Ques. Are your habits of life correct and temperate?

“Ans. Yes.

Ques. How long have they been so?

“Ans. Always.

Ques. Are you now in good health and free from any symptom of disease?

“Ans. Am sometimes pestered with neuralgia from decayed teeth.”

The appellee, after setting forth in its answer the substance of the foregoing questions and answers, and the stipulation in the policy in regard to the application therefor, and averring that the assured had covenanted that said declarations were true, *32and agreed that the policy should be void if they were in any respect untrue, alleged that at the time of making the application, and for several years prior thereto, he was afflicted with a constitutional disease, from which he never recovered and which produced his death.

And the appellee further averred that the declaration that he was at the time in good health and free from any symptom of disease was false and fraudulent, becaus.e he was then being treated for and knew he was afflicted with a malignant and dangerous, if not incurable, disorder, and that he never recovered from it.
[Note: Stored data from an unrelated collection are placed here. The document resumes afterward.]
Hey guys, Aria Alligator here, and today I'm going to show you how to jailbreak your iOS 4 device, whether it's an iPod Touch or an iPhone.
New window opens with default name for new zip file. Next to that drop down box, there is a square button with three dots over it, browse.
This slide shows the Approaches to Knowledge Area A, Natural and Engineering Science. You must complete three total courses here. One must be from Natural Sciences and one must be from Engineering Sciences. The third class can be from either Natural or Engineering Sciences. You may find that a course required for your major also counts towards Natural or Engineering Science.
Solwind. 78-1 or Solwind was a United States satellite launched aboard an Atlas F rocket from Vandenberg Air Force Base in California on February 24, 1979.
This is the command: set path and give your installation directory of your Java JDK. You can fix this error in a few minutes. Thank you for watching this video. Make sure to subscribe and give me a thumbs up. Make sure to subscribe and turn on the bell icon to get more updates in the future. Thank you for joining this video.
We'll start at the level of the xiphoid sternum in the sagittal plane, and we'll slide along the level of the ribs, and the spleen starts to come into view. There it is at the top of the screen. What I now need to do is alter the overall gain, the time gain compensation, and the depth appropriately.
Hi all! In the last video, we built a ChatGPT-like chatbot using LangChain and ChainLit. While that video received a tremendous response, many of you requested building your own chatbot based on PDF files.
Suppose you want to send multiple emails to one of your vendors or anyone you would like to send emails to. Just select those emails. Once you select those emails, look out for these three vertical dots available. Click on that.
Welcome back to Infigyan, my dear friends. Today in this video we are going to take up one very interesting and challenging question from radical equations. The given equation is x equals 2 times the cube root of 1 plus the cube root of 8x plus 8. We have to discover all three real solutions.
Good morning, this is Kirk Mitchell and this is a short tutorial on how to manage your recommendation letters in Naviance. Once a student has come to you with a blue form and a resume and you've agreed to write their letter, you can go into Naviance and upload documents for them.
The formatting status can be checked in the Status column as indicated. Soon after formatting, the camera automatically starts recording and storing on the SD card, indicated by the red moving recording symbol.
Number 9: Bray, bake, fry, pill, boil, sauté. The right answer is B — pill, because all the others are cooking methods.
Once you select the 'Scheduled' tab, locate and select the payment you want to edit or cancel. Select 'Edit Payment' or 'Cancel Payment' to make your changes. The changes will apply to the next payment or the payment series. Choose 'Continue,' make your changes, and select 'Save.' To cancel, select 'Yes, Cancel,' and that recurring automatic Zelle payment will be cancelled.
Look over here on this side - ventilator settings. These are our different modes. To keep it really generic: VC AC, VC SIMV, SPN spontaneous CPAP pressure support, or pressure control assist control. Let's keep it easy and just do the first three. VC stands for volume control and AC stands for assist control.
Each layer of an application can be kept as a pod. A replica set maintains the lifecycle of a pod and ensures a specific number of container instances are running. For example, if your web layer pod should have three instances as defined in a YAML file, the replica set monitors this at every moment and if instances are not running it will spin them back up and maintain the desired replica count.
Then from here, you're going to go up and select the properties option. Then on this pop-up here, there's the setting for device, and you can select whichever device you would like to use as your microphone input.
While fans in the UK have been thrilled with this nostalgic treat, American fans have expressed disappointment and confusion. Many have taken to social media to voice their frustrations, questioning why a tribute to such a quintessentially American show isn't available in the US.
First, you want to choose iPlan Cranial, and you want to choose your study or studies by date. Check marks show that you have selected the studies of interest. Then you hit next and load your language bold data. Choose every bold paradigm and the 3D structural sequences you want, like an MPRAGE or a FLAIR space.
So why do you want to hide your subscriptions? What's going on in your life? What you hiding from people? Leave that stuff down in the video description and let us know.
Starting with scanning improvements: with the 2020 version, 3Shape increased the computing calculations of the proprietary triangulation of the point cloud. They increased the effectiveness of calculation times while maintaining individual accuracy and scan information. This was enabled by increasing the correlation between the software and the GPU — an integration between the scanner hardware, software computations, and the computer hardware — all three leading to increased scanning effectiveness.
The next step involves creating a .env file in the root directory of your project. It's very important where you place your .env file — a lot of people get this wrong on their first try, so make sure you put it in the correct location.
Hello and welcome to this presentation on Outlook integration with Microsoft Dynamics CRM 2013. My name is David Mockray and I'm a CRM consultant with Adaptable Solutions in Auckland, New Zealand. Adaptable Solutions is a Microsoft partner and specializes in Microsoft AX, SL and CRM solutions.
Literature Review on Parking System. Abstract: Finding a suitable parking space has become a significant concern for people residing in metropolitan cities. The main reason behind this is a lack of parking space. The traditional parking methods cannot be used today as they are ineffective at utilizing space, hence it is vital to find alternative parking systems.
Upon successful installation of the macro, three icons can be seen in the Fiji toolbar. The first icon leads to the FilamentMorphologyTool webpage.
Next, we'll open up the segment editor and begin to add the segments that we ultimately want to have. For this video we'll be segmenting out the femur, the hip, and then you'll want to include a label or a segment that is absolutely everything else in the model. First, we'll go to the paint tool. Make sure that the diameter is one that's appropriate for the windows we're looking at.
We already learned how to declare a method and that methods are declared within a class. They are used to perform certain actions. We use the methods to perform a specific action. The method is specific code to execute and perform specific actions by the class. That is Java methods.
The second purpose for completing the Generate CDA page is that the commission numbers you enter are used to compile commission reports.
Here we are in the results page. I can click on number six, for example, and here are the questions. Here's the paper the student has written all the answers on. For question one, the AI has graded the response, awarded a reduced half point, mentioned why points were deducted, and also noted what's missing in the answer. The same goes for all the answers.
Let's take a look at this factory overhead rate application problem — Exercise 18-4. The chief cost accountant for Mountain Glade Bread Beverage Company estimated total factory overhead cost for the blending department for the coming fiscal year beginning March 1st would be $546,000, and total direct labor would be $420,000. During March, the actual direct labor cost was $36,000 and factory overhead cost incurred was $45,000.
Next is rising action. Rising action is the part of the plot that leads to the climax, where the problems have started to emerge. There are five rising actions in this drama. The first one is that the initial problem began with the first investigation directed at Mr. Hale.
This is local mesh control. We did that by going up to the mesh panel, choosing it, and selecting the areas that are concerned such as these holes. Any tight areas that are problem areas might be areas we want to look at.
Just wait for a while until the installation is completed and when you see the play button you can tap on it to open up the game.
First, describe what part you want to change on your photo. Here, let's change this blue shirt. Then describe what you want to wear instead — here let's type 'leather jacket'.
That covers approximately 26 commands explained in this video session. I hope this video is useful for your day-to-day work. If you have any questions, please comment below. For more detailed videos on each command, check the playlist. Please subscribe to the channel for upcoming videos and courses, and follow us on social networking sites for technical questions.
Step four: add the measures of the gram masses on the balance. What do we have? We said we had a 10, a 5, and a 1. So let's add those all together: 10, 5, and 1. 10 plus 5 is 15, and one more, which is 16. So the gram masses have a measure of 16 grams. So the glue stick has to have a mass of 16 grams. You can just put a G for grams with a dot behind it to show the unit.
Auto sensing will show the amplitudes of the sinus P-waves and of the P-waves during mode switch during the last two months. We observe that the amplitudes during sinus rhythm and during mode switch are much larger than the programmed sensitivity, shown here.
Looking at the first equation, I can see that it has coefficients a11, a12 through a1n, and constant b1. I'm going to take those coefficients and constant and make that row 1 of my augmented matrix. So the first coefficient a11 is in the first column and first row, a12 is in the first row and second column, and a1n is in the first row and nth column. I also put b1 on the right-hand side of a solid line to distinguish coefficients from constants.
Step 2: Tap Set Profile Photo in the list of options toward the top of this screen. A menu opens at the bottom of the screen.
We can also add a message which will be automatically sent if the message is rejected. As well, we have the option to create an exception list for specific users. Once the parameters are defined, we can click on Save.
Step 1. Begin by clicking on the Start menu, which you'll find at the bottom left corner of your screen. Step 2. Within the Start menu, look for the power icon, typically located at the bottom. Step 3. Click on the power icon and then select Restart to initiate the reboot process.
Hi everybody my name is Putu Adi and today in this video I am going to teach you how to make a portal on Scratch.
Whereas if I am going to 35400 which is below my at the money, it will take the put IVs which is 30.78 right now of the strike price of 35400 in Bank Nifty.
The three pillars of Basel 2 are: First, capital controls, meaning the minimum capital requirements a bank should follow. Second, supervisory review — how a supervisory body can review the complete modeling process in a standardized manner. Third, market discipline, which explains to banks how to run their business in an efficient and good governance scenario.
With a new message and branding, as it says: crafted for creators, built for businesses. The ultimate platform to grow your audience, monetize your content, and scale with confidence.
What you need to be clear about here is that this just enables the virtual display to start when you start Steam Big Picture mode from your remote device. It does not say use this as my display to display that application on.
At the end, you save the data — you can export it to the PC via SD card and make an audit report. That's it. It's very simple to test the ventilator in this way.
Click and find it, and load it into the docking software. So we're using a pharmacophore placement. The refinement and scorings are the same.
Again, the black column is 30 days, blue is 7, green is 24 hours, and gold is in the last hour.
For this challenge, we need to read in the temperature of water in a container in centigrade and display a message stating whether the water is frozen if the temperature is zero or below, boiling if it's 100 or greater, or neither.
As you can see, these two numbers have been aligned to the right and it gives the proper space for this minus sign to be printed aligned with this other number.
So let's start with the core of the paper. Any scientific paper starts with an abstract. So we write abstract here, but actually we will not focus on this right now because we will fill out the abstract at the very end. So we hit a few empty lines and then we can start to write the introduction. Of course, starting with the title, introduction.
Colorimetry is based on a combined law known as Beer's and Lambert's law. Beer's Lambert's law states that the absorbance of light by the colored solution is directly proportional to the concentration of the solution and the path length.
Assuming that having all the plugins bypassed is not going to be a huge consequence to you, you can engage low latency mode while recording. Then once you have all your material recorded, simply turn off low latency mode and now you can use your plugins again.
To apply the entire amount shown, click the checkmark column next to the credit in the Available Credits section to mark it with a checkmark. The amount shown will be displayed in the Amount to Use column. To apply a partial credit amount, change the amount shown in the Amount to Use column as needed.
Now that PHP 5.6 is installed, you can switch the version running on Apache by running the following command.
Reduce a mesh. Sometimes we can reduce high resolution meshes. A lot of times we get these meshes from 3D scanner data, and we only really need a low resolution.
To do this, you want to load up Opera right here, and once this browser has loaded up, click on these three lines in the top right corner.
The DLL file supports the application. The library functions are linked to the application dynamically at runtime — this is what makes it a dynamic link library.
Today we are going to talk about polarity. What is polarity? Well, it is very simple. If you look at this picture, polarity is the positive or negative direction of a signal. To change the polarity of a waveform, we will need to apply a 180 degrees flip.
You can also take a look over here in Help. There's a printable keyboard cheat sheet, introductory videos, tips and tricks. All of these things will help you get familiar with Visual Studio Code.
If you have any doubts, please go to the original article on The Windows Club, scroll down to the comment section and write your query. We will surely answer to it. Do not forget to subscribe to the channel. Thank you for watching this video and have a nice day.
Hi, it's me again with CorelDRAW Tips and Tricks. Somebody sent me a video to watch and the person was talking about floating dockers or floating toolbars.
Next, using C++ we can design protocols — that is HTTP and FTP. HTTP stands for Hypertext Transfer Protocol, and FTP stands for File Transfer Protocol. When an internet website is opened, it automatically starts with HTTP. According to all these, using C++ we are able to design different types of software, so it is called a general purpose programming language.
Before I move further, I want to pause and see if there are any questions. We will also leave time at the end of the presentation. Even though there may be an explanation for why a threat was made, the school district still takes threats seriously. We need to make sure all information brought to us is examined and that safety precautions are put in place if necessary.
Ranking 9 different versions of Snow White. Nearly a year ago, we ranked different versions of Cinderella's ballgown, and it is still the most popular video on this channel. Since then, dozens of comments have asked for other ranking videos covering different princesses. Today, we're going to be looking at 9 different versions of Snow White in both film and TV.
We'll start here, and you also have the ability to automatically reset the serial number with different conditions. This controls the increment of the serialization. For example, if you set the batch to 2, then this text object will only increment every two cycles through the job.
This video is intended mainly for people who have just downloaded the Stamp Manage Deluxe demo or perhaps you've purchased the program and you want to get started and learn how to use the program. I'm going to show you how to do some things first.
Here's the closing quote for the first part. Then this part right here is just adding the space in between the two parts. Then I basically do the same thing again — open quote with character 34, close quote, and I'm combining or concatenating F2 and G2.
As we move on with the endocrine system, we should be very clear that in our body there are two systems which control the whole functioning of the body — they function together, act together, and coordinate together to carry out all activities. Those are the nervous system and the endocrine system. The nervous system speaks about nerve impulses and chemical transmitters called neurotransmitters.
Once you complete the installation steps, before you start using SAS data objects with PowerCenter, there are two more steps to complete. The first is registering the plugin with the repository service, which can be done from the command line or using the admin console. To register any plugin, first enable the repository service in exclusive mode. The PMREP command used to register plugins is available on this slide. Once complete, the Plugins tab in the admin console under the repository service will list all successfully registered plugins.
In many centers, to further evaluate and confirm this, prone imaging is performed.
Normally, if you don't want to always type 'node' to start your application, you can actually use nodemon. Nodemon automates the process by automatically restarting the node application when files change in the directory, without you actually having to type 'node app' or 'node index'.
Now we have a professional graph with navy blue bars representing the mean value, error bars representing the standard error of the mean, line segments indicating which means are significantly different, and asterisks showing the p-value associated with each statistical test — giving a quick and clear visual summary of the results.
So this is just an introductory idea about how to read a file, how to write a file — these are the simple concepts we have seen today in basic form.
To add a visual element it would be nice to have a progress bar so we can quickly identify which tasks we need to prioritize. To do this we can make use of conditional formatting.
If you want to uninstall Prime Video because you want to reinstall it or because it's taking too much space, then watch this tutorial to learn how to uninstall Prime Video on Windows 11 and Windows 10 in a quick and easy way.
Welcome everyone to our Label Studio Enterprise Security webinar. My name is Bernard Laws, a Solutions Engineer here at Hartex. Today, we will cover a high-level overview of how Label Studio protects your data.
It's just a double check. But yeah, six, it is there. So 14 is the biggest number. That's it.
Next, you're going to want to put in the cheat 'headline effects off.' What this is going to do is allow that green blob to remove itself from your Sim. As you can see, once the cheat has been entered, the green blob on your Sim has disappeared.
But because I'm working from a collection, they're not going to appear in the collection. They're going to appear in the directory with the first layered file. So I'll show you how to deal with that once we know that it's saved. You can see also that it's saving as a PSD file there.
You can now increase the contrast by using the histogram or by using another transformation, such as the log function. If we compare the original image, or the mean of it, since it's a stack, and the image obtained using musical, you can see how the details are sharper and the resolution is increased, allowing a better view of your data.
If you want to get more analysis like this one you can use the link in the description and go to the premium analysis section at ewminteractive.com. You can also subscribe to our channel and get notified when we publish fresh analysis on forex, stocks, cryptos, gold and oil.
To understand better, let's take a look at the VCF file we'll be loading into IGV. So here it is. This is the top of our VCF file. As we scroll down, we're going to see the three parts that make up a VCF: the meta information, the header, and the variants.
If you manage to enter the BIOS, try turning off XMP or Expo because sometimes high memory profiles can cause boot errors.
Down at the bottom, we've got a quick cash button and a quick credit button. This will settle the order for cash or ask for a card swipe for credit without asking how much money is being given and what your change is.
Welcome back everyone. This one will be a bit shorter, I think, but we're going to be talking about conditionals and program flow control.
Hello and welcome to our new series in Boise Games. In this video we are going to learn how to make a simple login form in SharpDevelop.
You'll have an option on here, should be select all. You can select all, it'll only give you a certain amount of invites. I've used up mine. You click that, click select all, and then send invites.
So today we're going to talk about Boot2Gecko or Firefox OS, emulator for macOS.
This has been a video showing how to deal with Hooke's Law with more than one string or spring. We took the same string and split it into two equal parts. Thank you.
The evidence showed, without contradiction, that at the time of making the application the assured was afflicted as charged in the answer, and had been so afflicted for some years prior to that time.

The appellant’s counsel offered to prove that the local agent of the appellee, who took the application, knew at the time of doing so that the assured had been afflicted, and that he knew the nature of the disease, and that his affliction was discussed by the agent, the examining physician, and the assured at the time the application was made out, and that the agent said he knew all about his condition, and in fact did know, and that he said it was not necessary to mention it in answer to any of the questions.

To this evidence the appellee objected, and the objection was sustained; and whether that ruling was correct is the first question to be decided.

1. It may be assumed that one who enters into a written contract containing a material false statement to his prejudice can not afterward avoid the contract because such statement is false, if he knew it was false when he entered into the contract.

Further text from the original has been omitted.